**Extracted material**
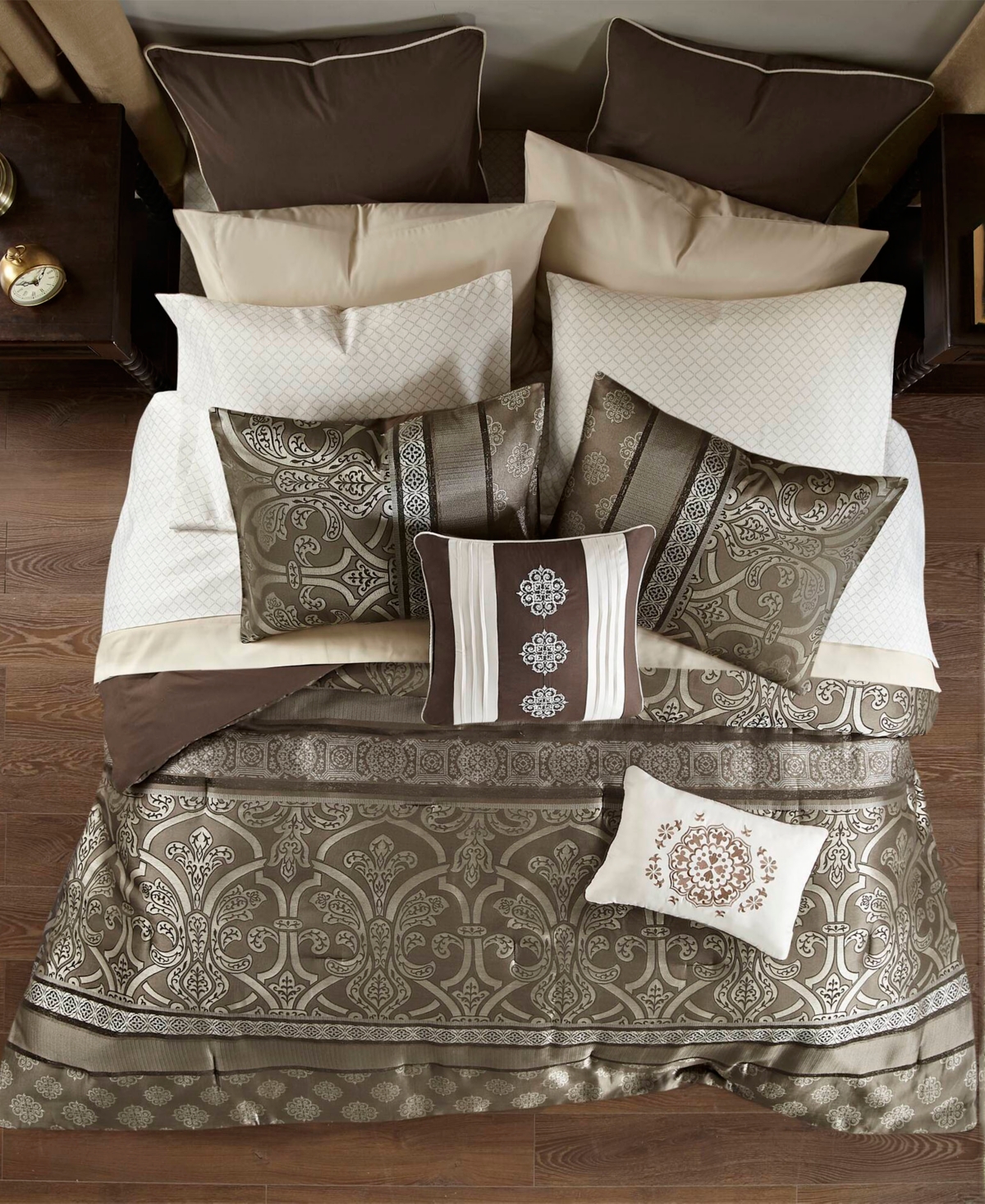 Madison Park Essentials Zara Jacquard 16-Pc. Comforter Set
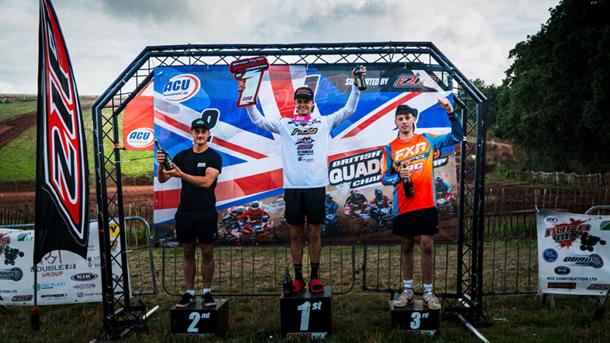 Harry Walker makes it back to back ACU British Quadcross Championship titles with Little Silver vict
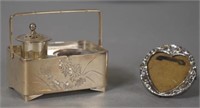 Two various sterling silver miniatures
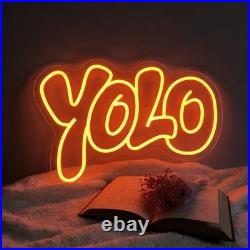 YOLO Flex Neon Sign 20x10 Light Man Cave Vintage Display Bar Wall Decor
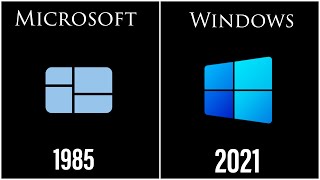 Evolution Of Windows Operating System 1985  2021 [upl. by Elrahc192]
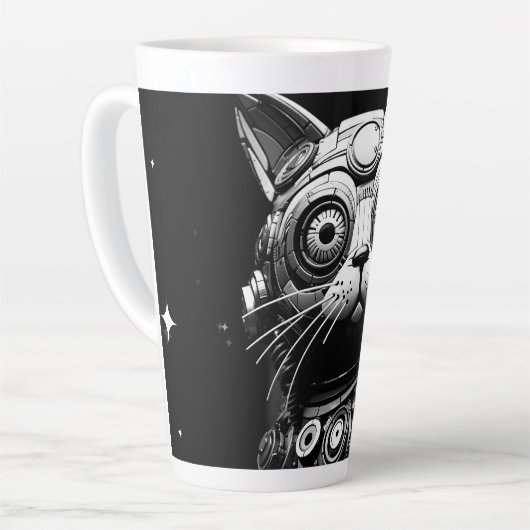 原子猫#98 カフェラテマグ (左アングル)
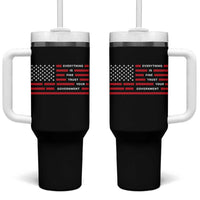 Everything Is Fine Trust Your Government Patriotic Flag Tumbler With Handle Sarcastic Political Humor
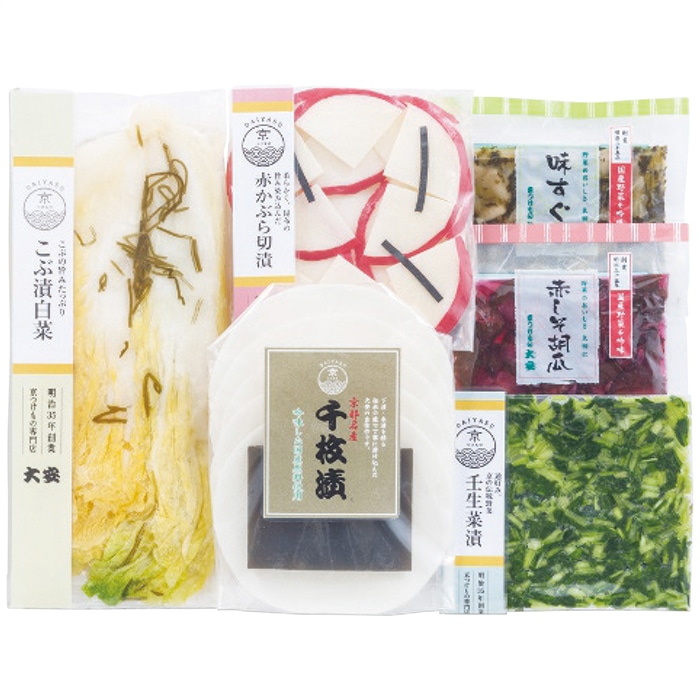 お歳暮 京つけもの大安 味さわやか 直FF-35 [冷蔵][直送商品](9836-014)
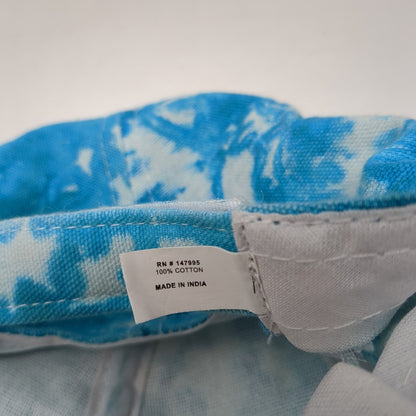 Unbranded Strapback Hat Blue One Size Adjustable Tie Dye Blank 6 Panel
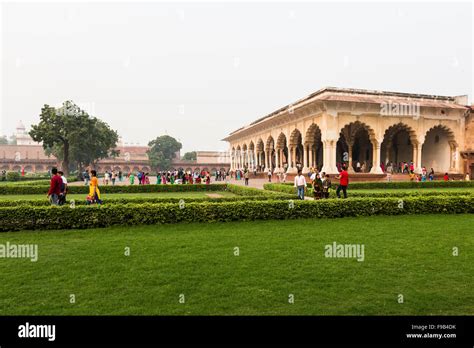 The Red Fort in Agra, Uttar Pradesh, India where Shah Jahan (who built ...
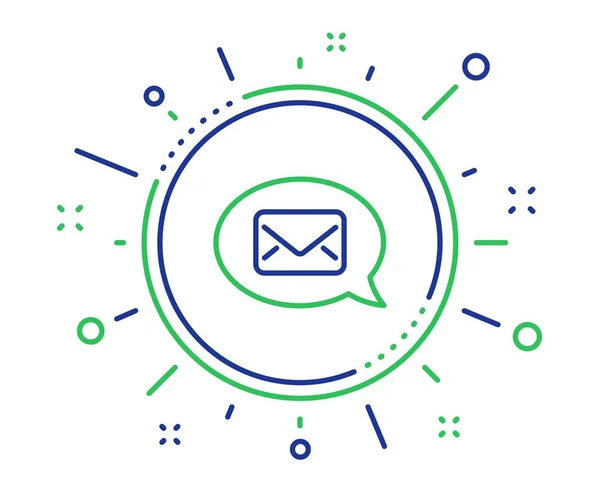 Icono de línea de correo. Señal de comunicación Messenger. Vector — Vector de stock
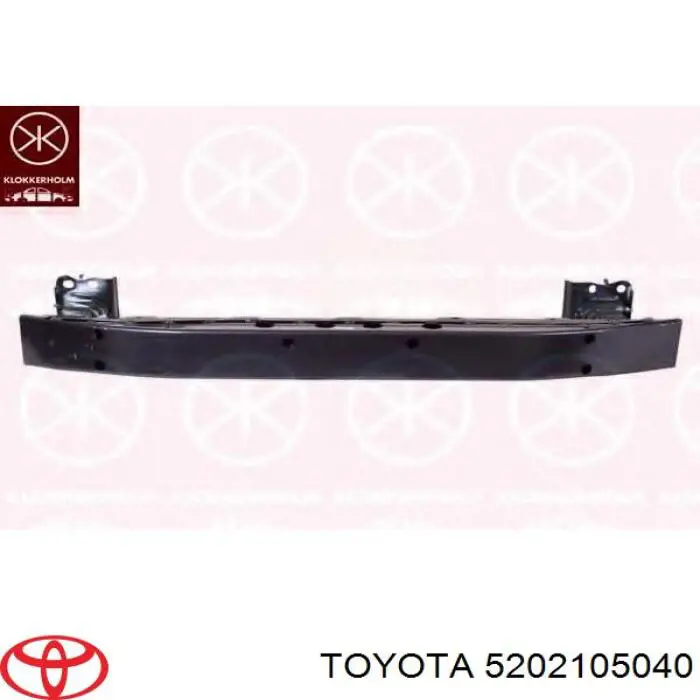 5202105040 Toyota Reforçador do pára-choque dianteiro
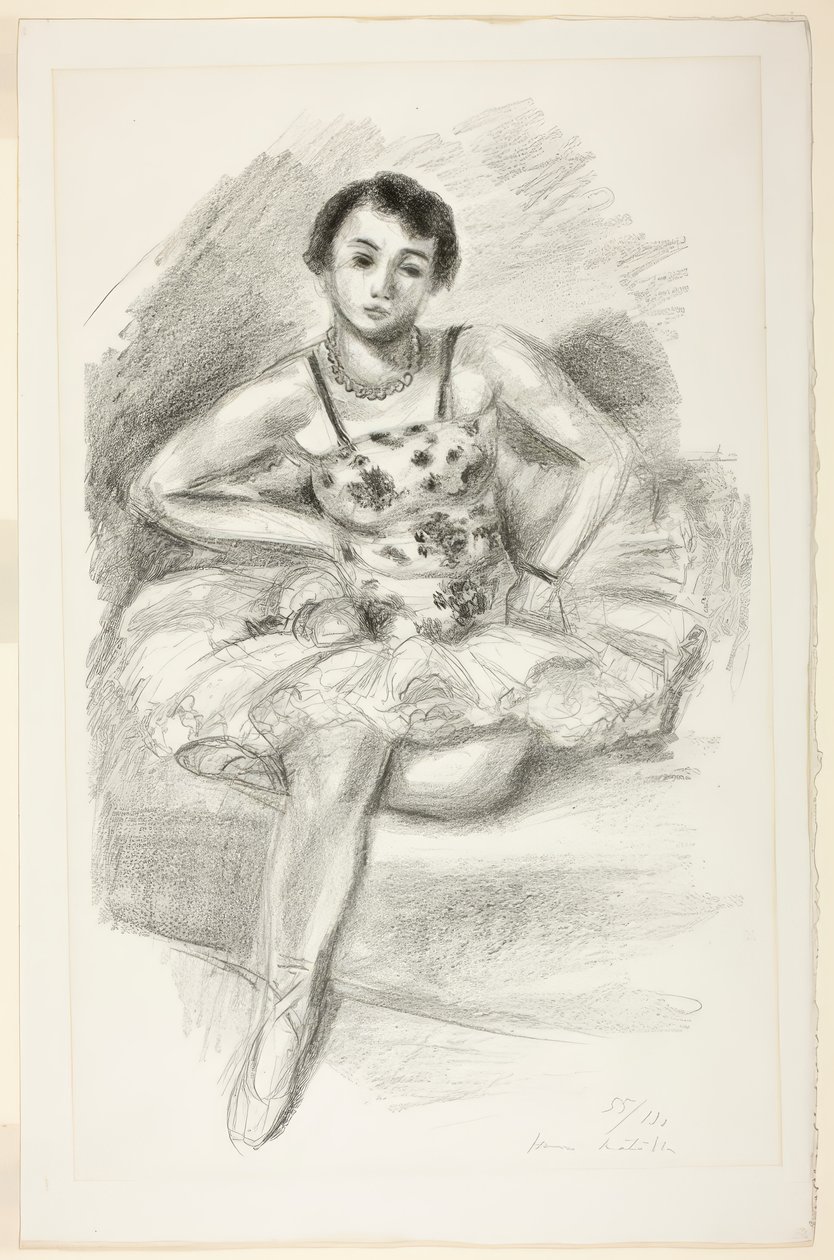Bailarina de ballet, de Ten Dancers de Henri Matisse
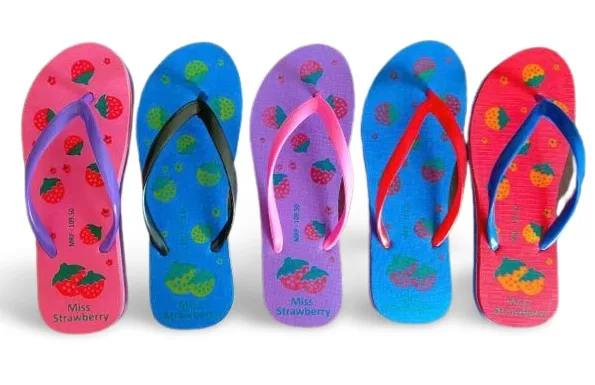 Top Selling  Ladies Home Slippers Best Chappal Ladies Rubber House Slippers Flat Plastic Sandal Women Slide Slippers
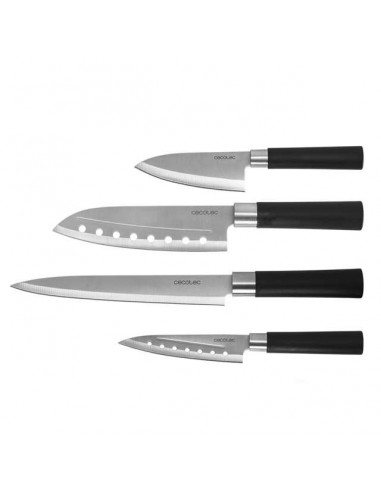 Cecotec Cuchillos Santoku Set de 4 cuchillos profesionales.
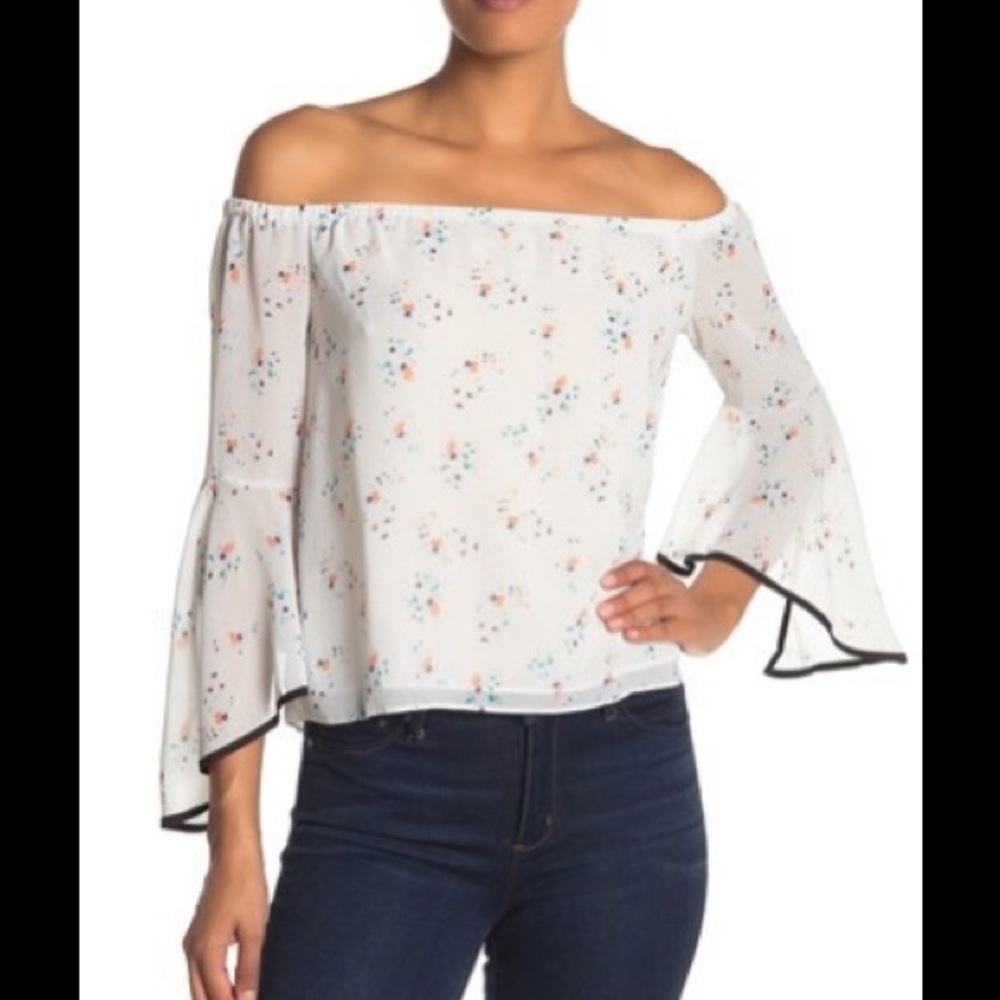 English Factory Daisy Floral Off-The-Shoulder Top - Picture 1 of 3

**Work item**
Omit the pictures, then give all the lines above again exactly.

**Response to this task**
 Madison Park Essentials Zara Jacquard 16-Pc. Comforter Set
 Harry Walker makes it back to back ACU British Quadcross Championship titles with Little Silver vict
 Two various sterling silver miniatures
 YOLO Flex Neon Sign 20x10 Light Man Cave Vintage Display Bar Wall Decor
 Evolution Of Windows Operating System 1985  2021 [upl. by Elrahc192]
 原子猫#98 カフェラテマグ (左アングル)
 Everything Is Fine Trust Your Government Patriotic Flag Tumbler With Handle Sarcastic Political Humor
 お歳暮 京つけもの大安 味さわやか 直FF-35 [冷蔵][直送商品](9836-014)
 Unbranded Strapback Hat Blue One Size Adjustable Tie Dye Blank 6 Panel
 The Red Fort in Agra, Uttar Pradesh, India where Shah Jahan (who built ...
 Icono de línea de correo. Señal de comunicación Messenger. Vector — Vector de stock
 5202105040 Toyota Reforçador do pára-choque dianteiro
Bailarina de ballet, de Ten Dancers de Henri Matisse
 Top Selling  Ladies Home Slippers Best Chappal Ladies Rubber House Slippers Flat Plastic Sandal Women Slide Slippers
 Cecotec Cuchillos Santoku Set de 4 cuchillos profesionales.
 English Factory Daisy Floral Off-The-Shoulder Top - Picture 1 of 3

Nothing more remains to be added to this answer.